* [Data excerpt]:
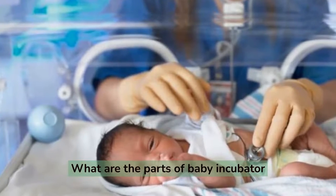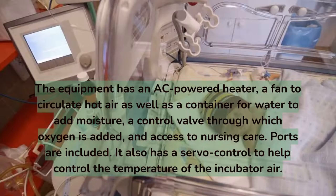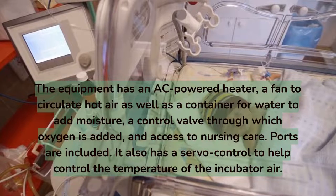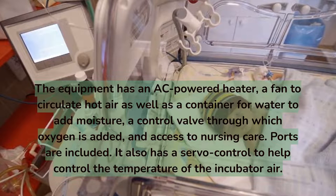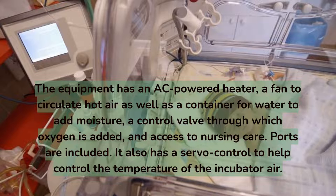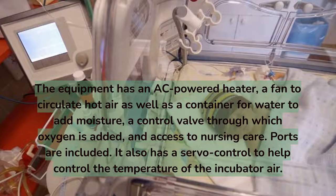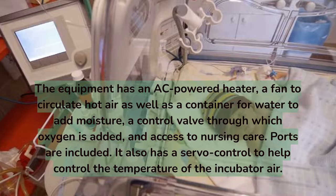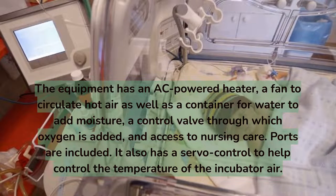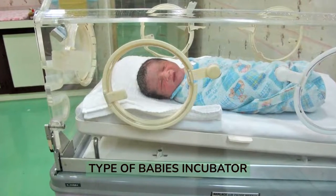What are the parts of a baby incubator? The equipment has an AC-powered heater, a fan to circulate hot air, a container for water to add moisture, a control valve through which oxygen is added, and ports for access to nursing care. It also has a servo control to help regulate the temperature of the incubator air.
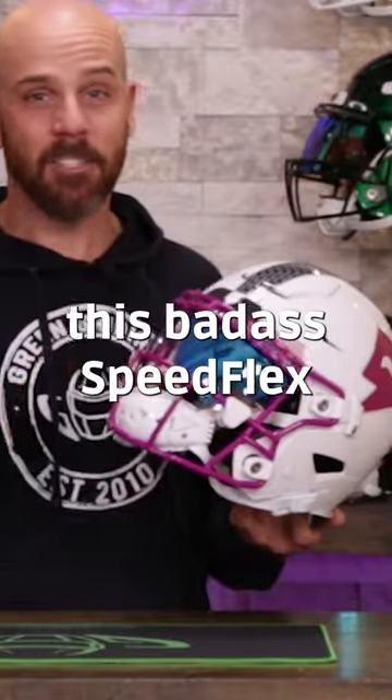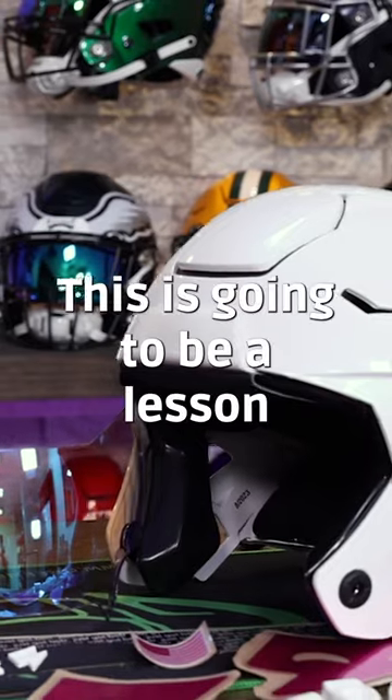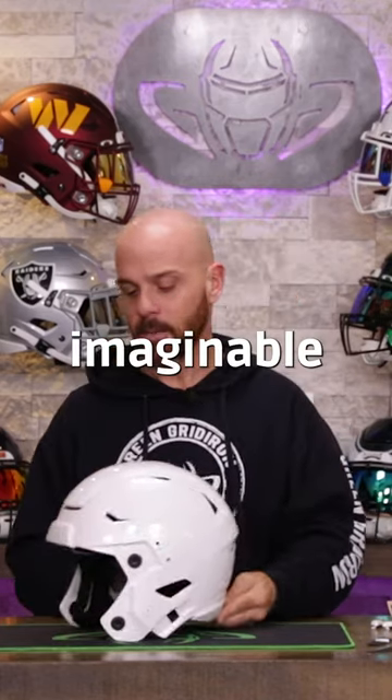Today we are putting together this badass Speedflex for Jake Paul and Joey Levy at Better. This is going to be a lesson on how to take three colors and make the cleanest, sickest looking Riddell Speedflex imaginable.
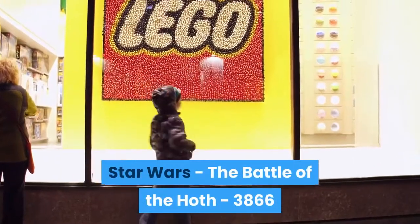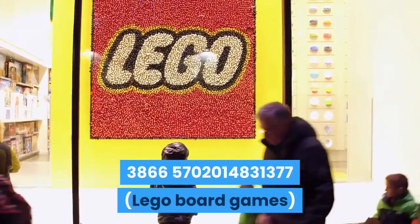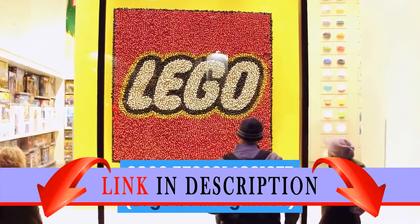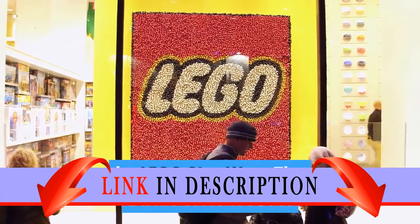Star Wars: The Battle of Hoth 3866, by LEGO.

* [Your task]: Print the listing verbatim, images excluded.

* [Result]:
What are the parts of a baby incubator? The equipment has an AC-powered heater, a fan to circulate hot air, a container for water to add moisture, a control valve through which oxygen is added, and ports for access to nursing care. It also has a servo control to help regulate the temperature of the incubator air.
Today we are putting together this badass Speedflex for Jake Paul and Joey Levy at Better. This is going to be a lesson on how to take three colors and make the cleanest, sickest looking Riddell Speedflex imaginable.
Star Wars: The Battle of Hoth 3866, by LEGO.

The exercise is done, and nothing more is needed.